- Born: Reena Ruth Gowdy June 14, 1931 Brooklyn, New York
- Died: March 29, 1981 (aged 49) Mississauga, Ontario
- Education: B.F.A. New York State College of Ceramics, Alfred University, Alfred, NY; M.F.A. Alfred
- Known for: Functional Ceramicist
- Spouse: Donald Lloyd McKinley
- Awards: first potter elected to the Royal Canadian Academy of Arts (1976)

= Ruth Gowdy McKinley =

Canadian ceramic artist (1931-1981)

Ruth Gowdy McKinley (June 14, 1931 – March 29, 1981) was an American-born Canadian ceramic artist noted for her skill in designing functional ceramic ware. She specialized in making teapots, cups and vases and was known for her attention to function and form.

== Early life ==
Born in Brooklyn, New York, McKinley originally studied classical piano from the age of four and eventually was offered admission to study at the Juilliard School of Music in New York City. McKinley then made the decision to work with pottery by enrolling, instead, to study in the Department of Industrial Design at the New York State College of Ceramics in Alfred.
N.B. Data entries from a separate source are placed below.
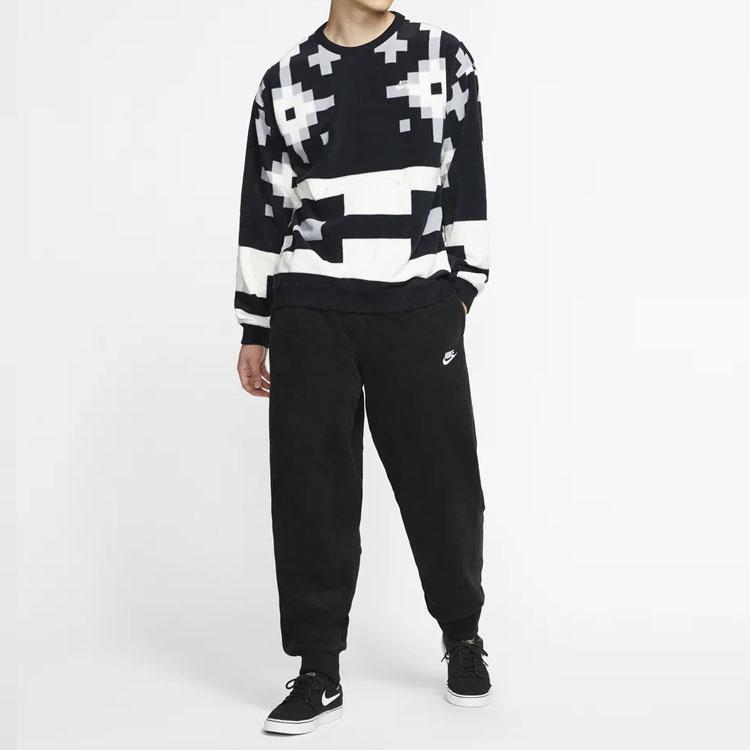 Nike SB Icon Fleece Crew Skateboarding Sweatshirt Men Tops Black White BV0878-060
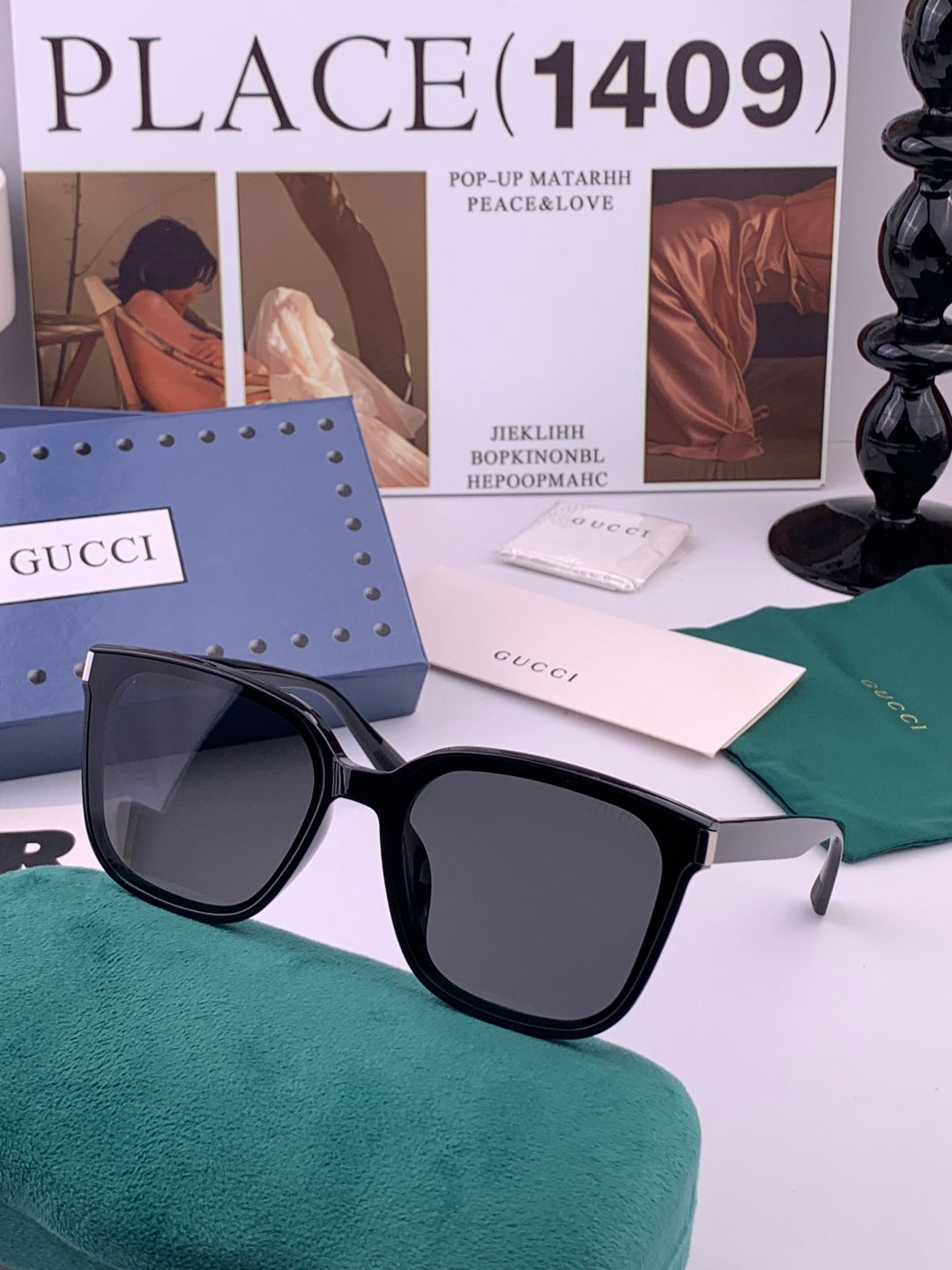 Gucci G9510 Polarized Square Gold Lens Sunglasses for Men & Women - detail image 2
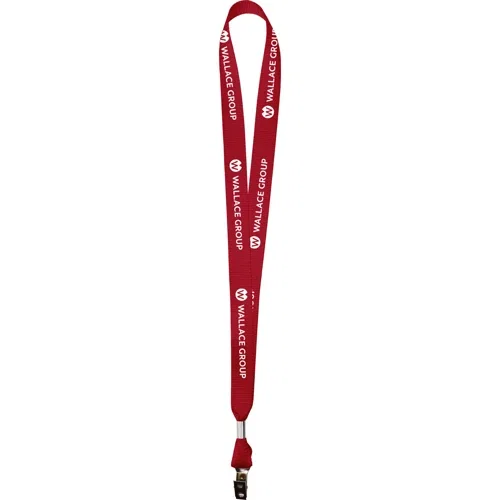 3/4" nylon web lanyard in red, durable custom-printed event neck strap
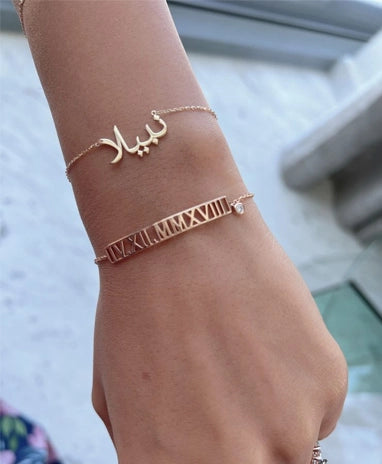 Zeeana Bar Date Diamond Bracelet - PieceOfYou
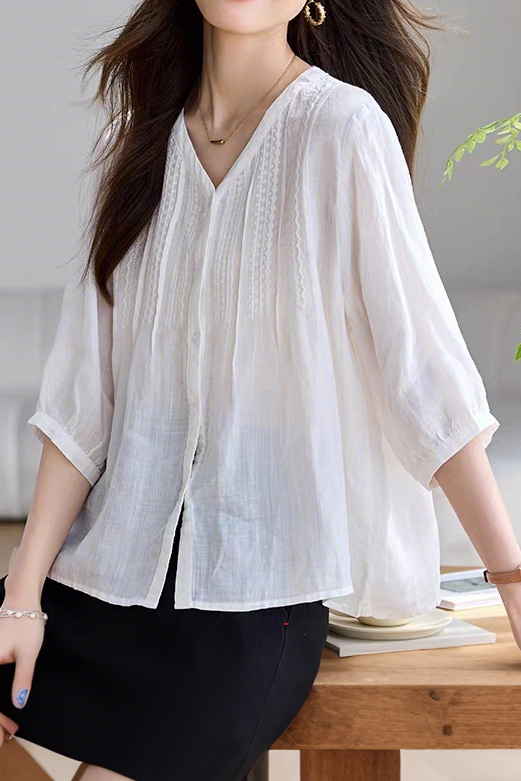 Casual Embroidered Loose Shirt - liwisi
McKinley earned her BFA and MFA from Alfred University, the MFA in 1955. She emigrated to Canada with her husband Donald in 1967 (he headed the furniture program at the new Sheridan College School of Craft and Design in Mississauga).

==Career==
In 1967, she became the resident Potter at Sheridan College of Art and Design in Mississauga, Ontario. In 1973, she made her exhibition debut at the Ceramics International 1973 at the University of Calgary and won the Metal award. In 1976, she became the first potter elected into the Royal Canadian Academy of Art. In 1997, her retrospective was held at the Burlington Art Centre. Her work is included in the collections of the Musée national des beaux-arts du Québec, the Art Gallery of Burlington, the Canadian Clay and Glass Gallery, the Gardiner Museum, Toronto; and the Canadian Museum of Civilization, Gatineau, Quebec.

The Ruth Gowdy McKinley project records are in Archives Ontario.

==Legacy==
In 1993, in honour of Ruth Gowdy McKinley, the Canadian Clay and Glass Gallery opened in Waterloo, Ontario, largely due to the efforts of Gowdy McKinley’s friends and colleagues who wished to honour her memory.